Li first energy (Homework 6-325)
1. Use the variational principle with a trial wave function $\psi(1, 2) = \psi(r1) \psi(r2) \chi0$, where $\psi(r) = (\zeta( 3/ )1/\pi)^{1/2}e^{-ζr}$ (in atomic units), to estimate the ground state energy of a Li+ ion. Express your result in both Hartrees and eV. Compare the “effective charge” $\zeta$ with that
for a He atom.
Li has Z=3 and $Li^+$ has just 2 electrons on the 1s2 shell.
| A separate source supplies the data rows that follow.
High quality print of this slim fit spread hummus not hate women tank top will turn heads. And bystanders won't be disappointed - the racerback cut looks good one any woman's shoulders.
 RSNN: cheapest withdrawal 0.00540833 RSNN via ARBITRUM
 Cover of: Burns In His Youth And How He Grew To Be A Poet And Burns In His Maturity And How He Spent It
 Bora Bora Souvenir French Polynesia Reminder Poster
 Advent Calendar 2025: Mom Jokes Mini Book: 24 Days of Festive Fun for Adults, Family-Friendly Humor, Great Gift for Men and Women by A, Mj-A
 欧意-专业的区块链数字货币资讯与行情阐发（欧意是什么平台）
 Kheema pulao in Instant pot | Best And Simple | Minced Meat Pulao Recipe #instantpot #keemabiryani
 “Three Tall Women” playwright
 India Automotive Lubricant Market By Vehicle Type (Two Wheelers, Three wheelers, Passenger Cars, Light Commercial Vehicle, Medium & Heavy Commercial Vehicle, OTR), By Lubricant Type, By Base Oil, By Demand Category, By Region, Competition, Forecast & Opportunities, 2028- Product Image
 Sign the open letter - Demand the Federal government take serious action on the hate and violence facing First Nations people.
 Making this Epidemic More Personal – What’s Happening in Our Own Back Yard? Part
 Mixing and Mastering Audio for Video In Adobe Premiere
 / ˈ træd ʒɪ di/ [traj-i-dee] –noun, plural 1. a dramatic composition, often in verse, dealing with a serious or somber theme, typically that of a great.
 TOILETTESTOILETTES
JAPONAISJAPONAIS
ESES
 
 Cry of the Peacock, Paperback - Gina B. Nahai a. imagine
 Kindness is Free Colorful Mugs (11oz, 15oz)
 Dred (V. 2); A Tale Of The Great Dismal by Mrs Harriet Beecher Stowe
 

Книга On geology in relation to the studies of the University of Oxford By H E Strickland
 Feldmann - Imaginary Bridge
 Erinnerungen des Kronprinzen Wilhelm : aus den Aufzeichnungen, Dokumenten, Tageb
Therefore the wave function is
$Ψ(1,2)=√(ξ^3/π)*exp[-ξ(r_1+r_2 ) ]$
For Li the Hamiltonian is
$H=-ℏ^2/2m*(∇_1^2+∇_2^2 )-e^2/(4πϵ_0 )*[3/r_1 +3/r_2 -1/(|(r_1 ⃗)-(r_2 ⃗)|)$
This Hamiltonian can be rearranged as
$H={-ℏ^2/2m*(∇_!^2+∇_2^2 )-e^2/(4πϵ_0 ) [ξ/r_1 +ξ/r_2 ] }+$
$+{e^2/(4πϵ_0 ) [(ξ-3)/r_1 +(ξ-3)/r_2 ] }+{e^2/(4πϵ_0 )*1/(|(r_1 ⃗) -(r_2 ⃗))}$
Therefore
$<H> =2ξ^2 E_1+2(ξ-3)*e^2/(4πϵ_0 )*〈1/r〉+ <V_ee>$
where $V_ee$ is the exchange interaction given by the last ${…}$
The unknown values of $<1/r>$ and $<V_ee>$ are computed for the effective charge $ξ (=Z/a)$ so that
$<1/r> =ξ$ and $<V_ee>=-5ξ/4*E_1$
So that finally
$<H> =[2ξ^2-4ξ(ξ-3)-5ξ/4]*E_1=[-2ξ^2+43/4 ξ]*E_1$ with $E_1=-13.6 eV$
The variational principle implies
$(d<H>)/dξ=0 so that-4ξ+43/4=0 or ξ=2.6875$
$<H>=-196.46 eV=-7.22 Ha$
The effective charge of nucleus in Li is $ξ=2.6875$ (screened down by the electrons from the theoretical value of Z=3). For comparison He has an an effective charge of $ξ=1.69$ (down from Z=2). Since He has a smaller nucleus positive charge its charge is more screened by the two outside electrons than in Li+.